In the quantum mechanics version of the atom model, we don't know exactly where the electron is, but we can say with high probability that it is in an orbital. An orbital is the region of space where the electron is most likely to be found. It is also called an electronic shell or shell.


References: (a) Khan Academy video Quantum numbers, (b) Tutorial: The quantum mechanical model of the atom


To describe the dynamics of a quantum system we apply Hamiltonian mechanics as opposed to Newtonian mechanics.


The total energy of the system is represented by an operator termed a Hamiltonian, H, and as mentioned at, by analogy with classical mechanics, the Hamiltonian in quantum mechanics is commonly expressed as the sum of operators corresponding to the kinetic and potential energies of a system.


Also, please note the use of the coordinate system: "in Hamiltonian mechanics, a classical physical system is described by a set of canonical coordinates r = (q, p), where each component of the coordinate qi, pi is indexed to the frame of reference of the system".


Reference: Hyperphysics




Schrödinger equation and Wave Function 


How do we describe the state of the system at time t?
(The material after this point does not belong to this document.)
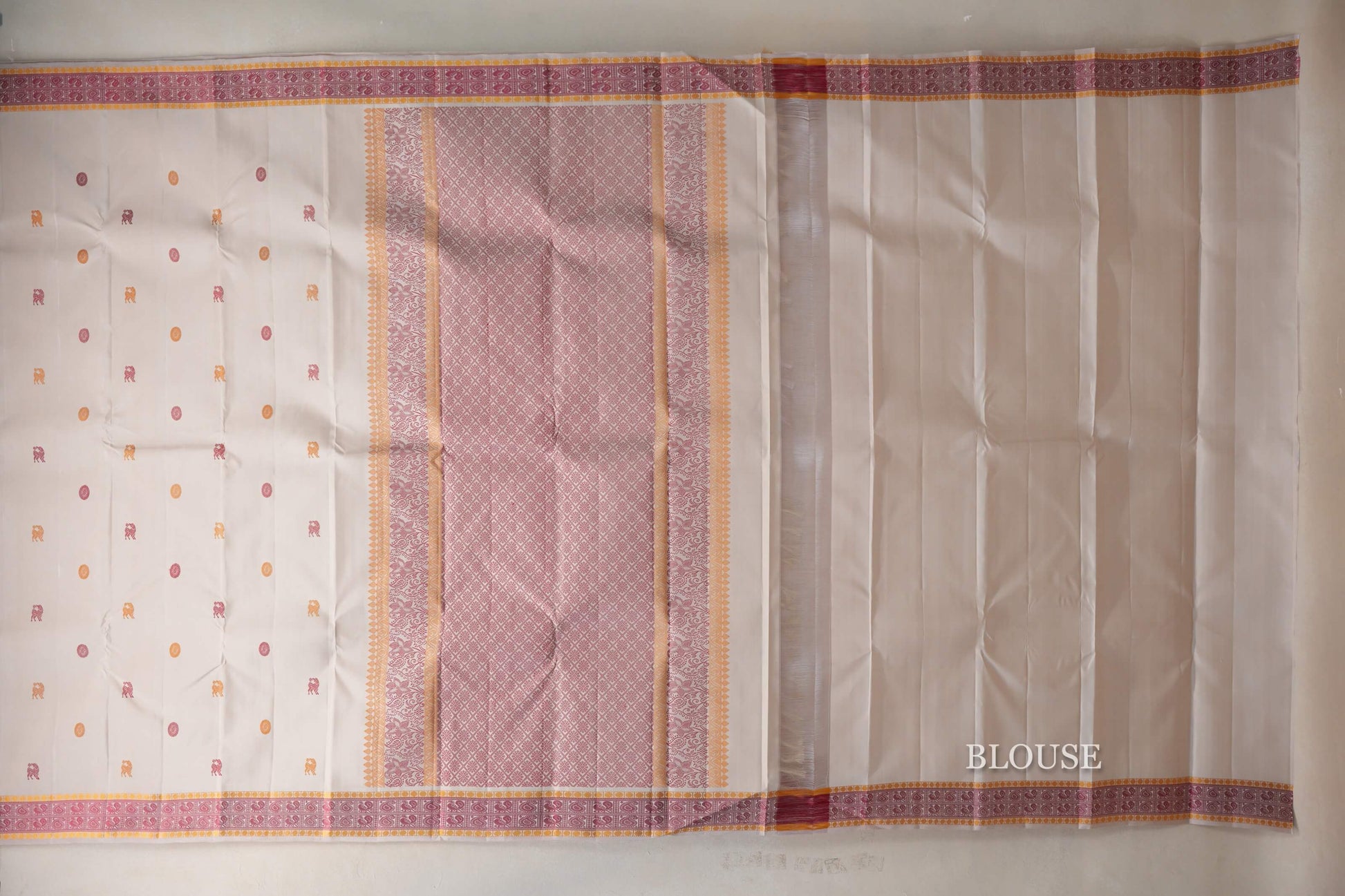 Ivory White with Pink and Mustard Yellow Thread Woven Borders Vintage Kanjivaram Silk Saree blouse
The Hamiltonian generates the time evolution of quantum states, the Schrödinger equation as mentioned at this link:


H\left|\psi (t)\right\rangle =i\hbar {\partial \over \partial t}\left|\psi (t)\right\rangle .


In classical mechanics, by solving the equations of motion or Newton's laws you obtain the trajectory of a particle. In quantum mechanics, by solving the Schrondinger equation you obtain the wave function Ψ, which gives the probabilities for an electron to be find on a specific trajectory.







Describing the energy of the Hydrogen atom - solving the Schrödinger equation


We wish to describe the potential and kinetic energy of a quantum system. We will consider the example of the hydrogen atom system.

The potential energy is the result of position and configuration and in the case of the electron of the hydrogen atom this is due to the nucleus.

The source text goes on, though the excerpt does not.